WORK ITEM —
Go to the line that contains "В Брянске устраняют" in the listing below, then output it and every line after it exactly, omitting pictures.

────────

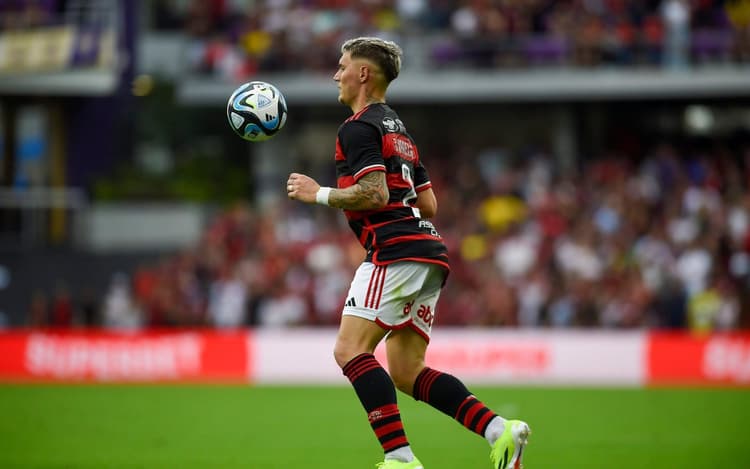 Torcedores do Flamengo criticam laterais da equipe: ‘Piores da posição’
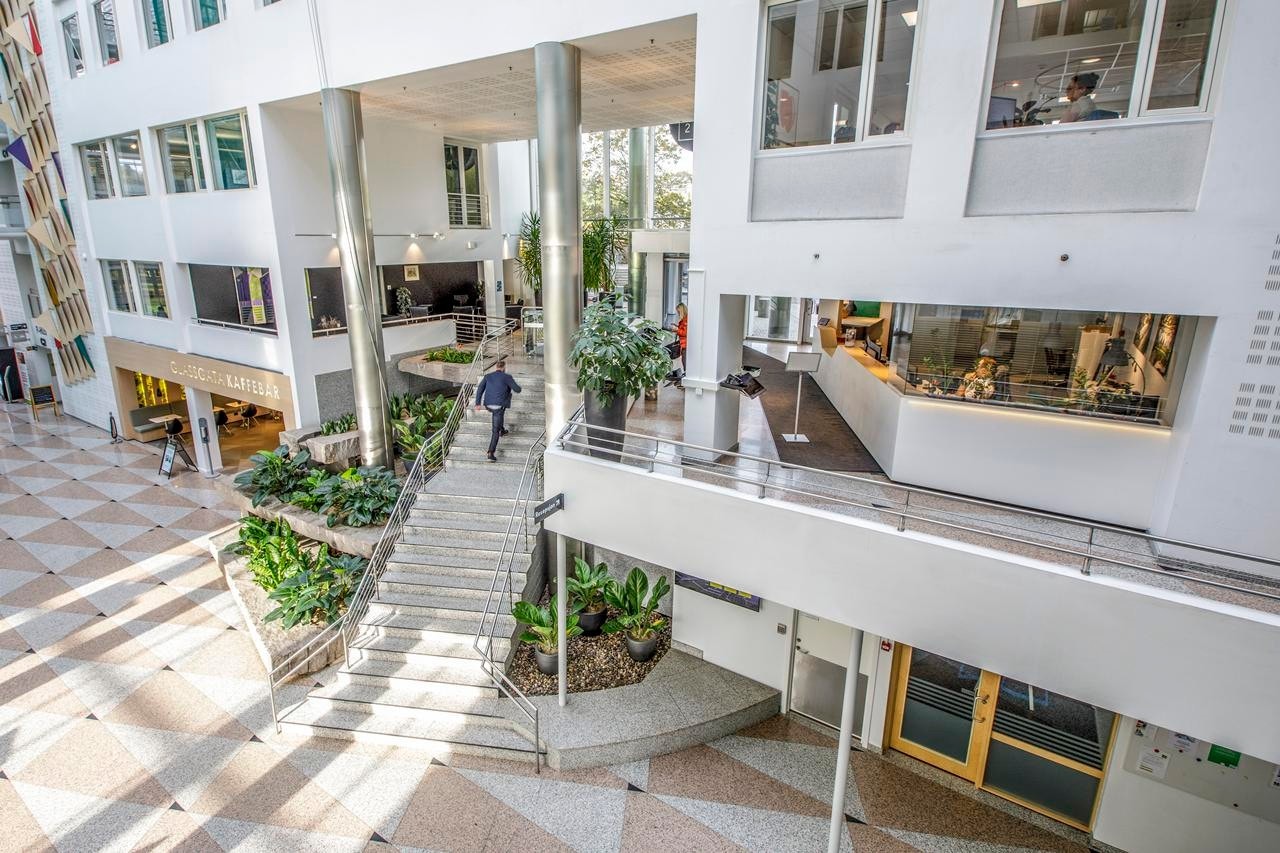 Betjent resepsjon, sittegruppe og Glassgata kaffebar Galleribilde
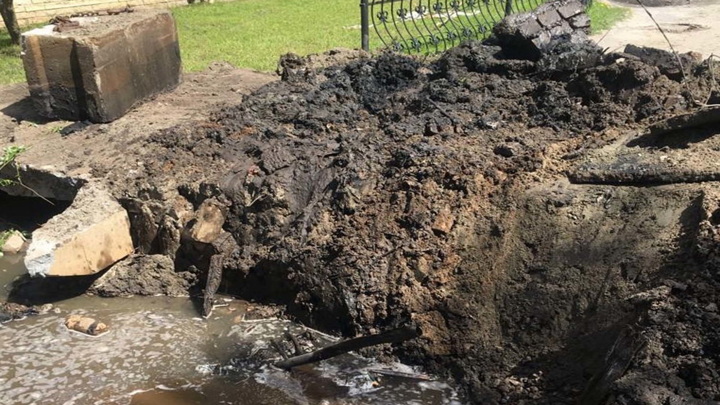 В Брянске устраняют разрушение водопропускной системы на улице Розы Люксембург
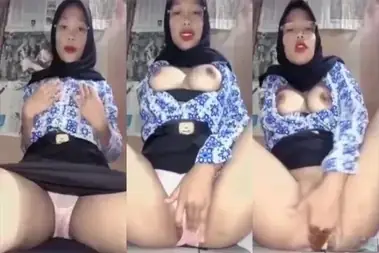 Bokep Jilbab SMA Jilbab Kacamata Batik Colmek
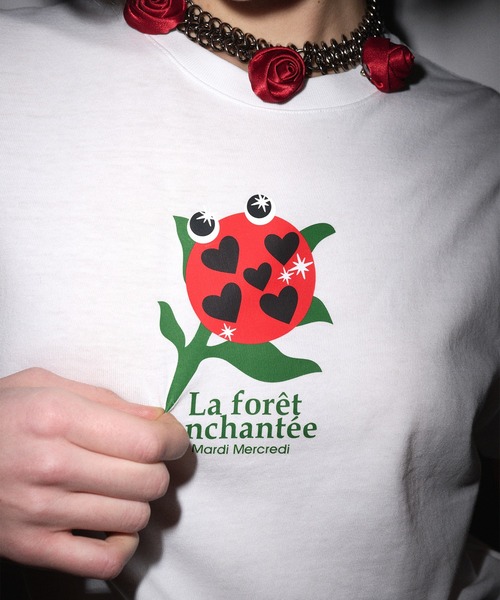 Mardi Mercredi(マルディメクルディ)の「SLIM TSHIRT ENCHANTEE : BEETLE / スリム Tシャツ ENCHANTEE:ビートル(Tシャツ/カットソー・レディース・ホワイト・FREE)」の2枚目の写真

────────

RESPONSE TO THE EXERCISE —
 В Брянске устраняют разрушение водопропускной системы на улице Розы Люксембург
 Bokep Jilbab SMA Jilbab Kacamata Batik Colmek
 Mardi Mercredi(マルディメクルディ)の「SLIM TSHIRT ENCHANTEE : BEETLE / スリム Tシャツ ENCHANTEE:ビートル(Tシャツ/カットソー・レディース・ホワイト・FREE)」の2枚目の写真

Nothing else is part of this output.